Image-caption web data:
.....
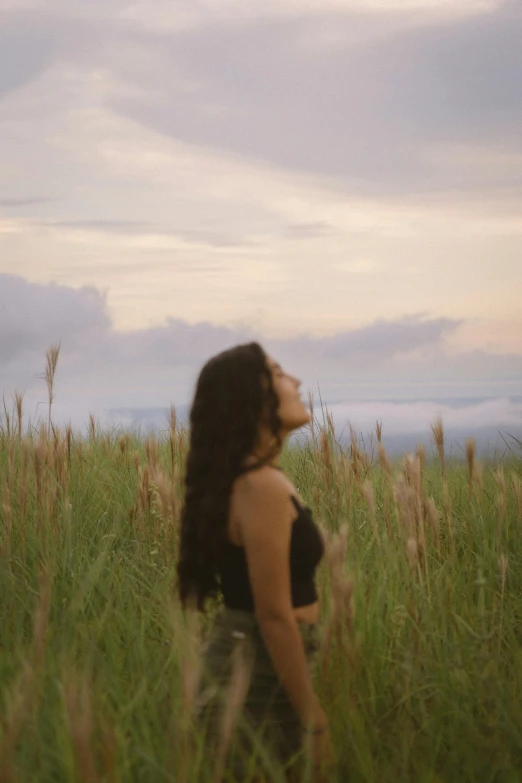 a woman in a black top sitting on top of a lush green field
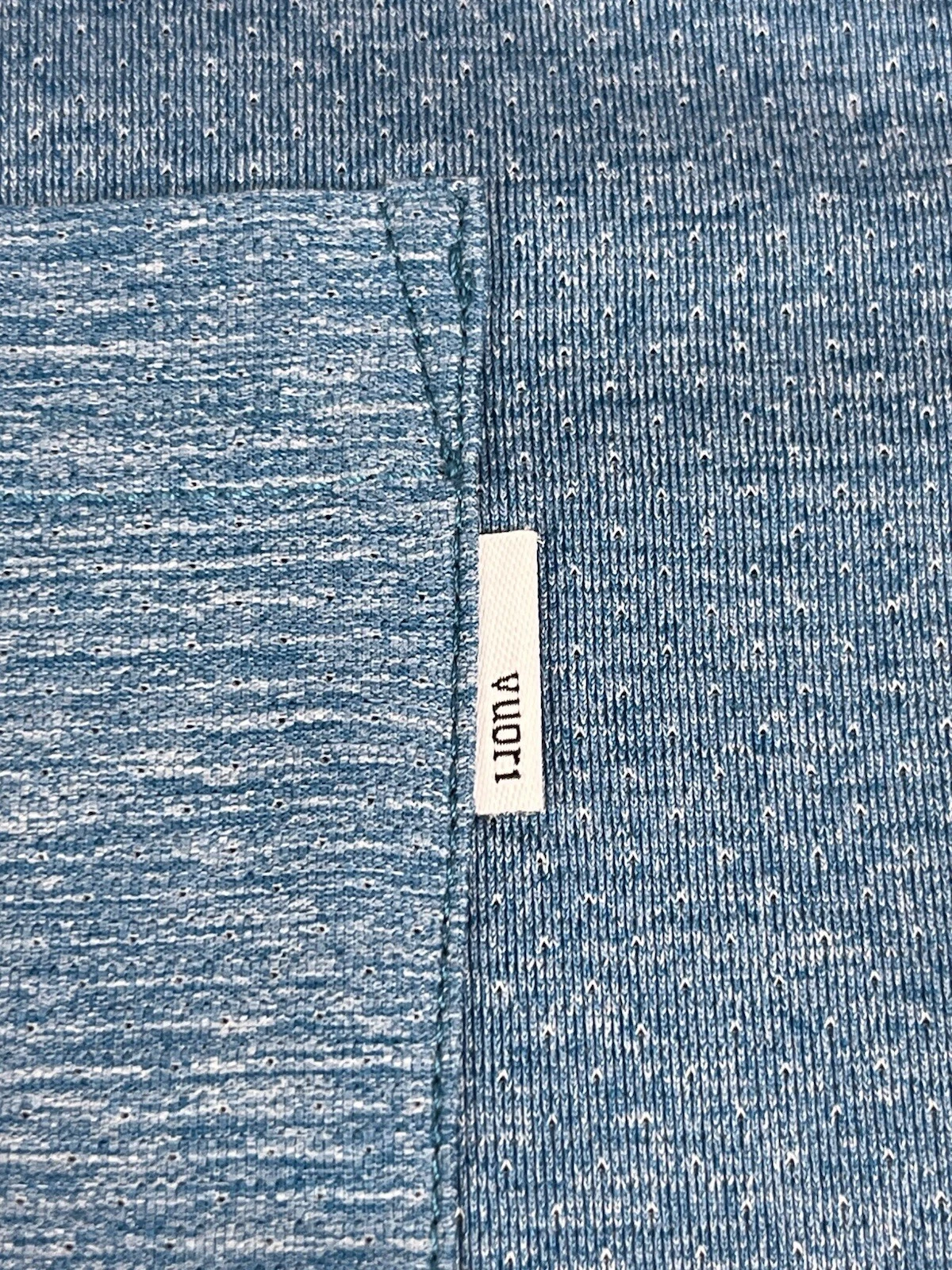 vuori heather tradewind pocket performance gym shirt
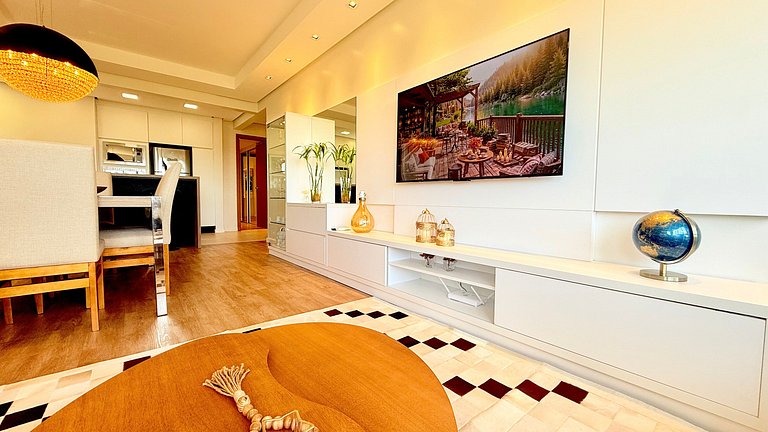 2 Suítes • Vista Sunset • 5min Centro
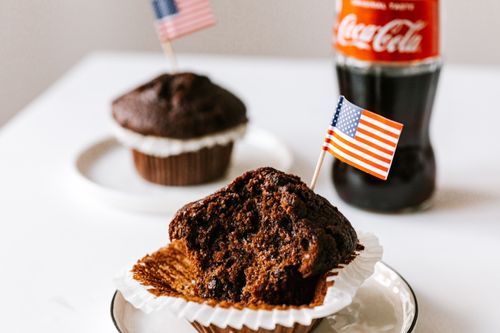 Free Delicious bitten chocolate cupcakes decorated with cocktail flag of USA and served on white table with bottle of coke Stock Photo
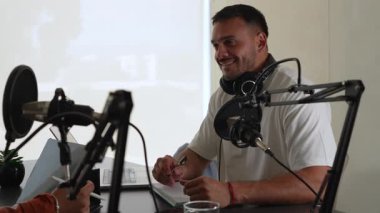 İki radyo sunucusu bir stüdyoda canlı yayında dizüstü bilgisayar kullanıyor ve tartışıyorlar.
.....
TASK TO COMPLETE:
Exactly as written, print each entry, leaving all pictures out.

OUTPUT FOR THIS EXERCISE:
 a woman in a black top sitting on top of a lush green field
 vuori heather tradewind pocket performance gym shirt
 2 Suítes • Vista Sunset • 5min Centro
 Free Delicious bitten chocolate cupcakes decorated with cocktail flag of USA and served on white table with bottle of coke Stock Photo
 İki radyo sunucusu bir stüdyoda canlı yayında dizüstü bilgisayar kullanıyor ve tartışıyorlar.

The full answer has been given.